Country and Americana are the throughlines for the album (though without ever invoking a specific era or time); The Flying Burrito Brothers are now just as much a reference point for his sound as The Gun Club. The stylistic inspiration is fitting for an album largely conceived on the road in 2022, as Rønnenfelt played venues across Europe, often writing songs one night and debuting them the next day. This solo project is an opportunity for Rønnenfelt to branch out from the ferocity of his main outfit: If Seek Shelter was Iceage at their most glorious and monumental, Heavy Glory is the counterbalance, an attempt to find beauty in the small and insular. “Soldier Song” is idol worship, an early Leonard Cohen pastiche, down to the finger-picked guitars and mournful cello. “River of Madeleine,” the sparsest track on the album, balances hitting a rock bottom against the quiet pride of managing to survive just a little longer. What might have been a grand tragedy with his other band, here—with its circular, twinkling piano riff—becomes maybe the prettiest thing Rønnenfelt has ever made.

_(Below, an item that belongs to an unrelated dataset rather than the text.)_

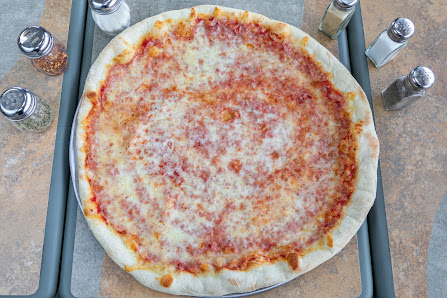 cheese pizza photo of Luigi's Pizza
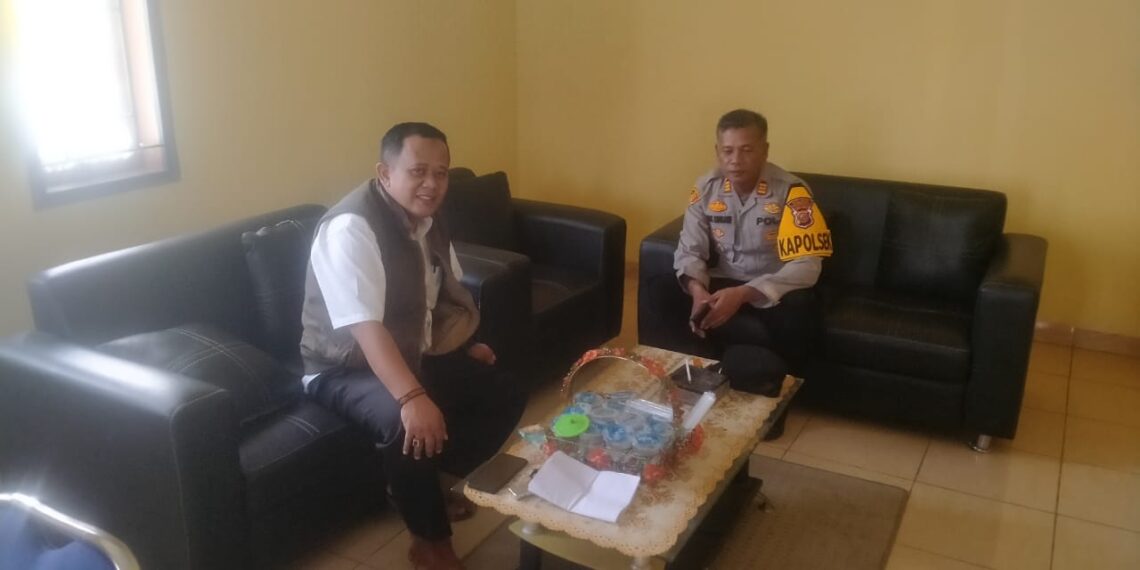 Kapolsek Sukaraja Melaksanakan silaturahmi mengunjungi Kepala Desa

Does this new sincerity ever fail? Occasionally. All the discordant strings and reverbed drums can’t disguise the schmaltzy piano ballad at the heart of “Stalker.” “Worm Grew a Spine,” built atop a stuttering, rickety drum machine beat, sounds like Rønnenfelt discovering and playing with every studio effect he can find, which constantly halts the song’s momentum. Overall, Rønnenfelt seems to focus more on discovery than on crafting a cohesive whole. But Heavy Glory’s most assured tracks—like “Doomsday Childsplay,” with its mournful, Western stomp, or the Lou Reed-influenced “No One Else” (complete with talk-sung vocals and a bassline nicked wholesale from “Walk on the Wild Side”)—show Rønnenfelt’s experimenting and broadened emotional palette paying off considerably.

The album ends with two covers: Spacemen 3’s “Sound of Confusion” and Townes Van Zandt’s “No Place to Fall.” The latter feels especially like a clear guiding star for the album, down to some lyrics that Rønnenfelt has repurposed elsewhere on the record. He comes close to recapturing Van Zandt’s tired melancholy (the Lee Hazelwood-esque strings certainly help), ending the album with lyrics that nearly mirror where the album started: “Could I count on you/To lay me down?” Even as the songs on Heavy Glory embrace earnestness, they don't necessarily describe how it feels to land in a place of lasting comfort. Yet the album seems to be  at peace with exploring the long journey towards it—exposing what happens when the mask of rockstar excess slips and something kinder emerges beneath it, at least for a little while.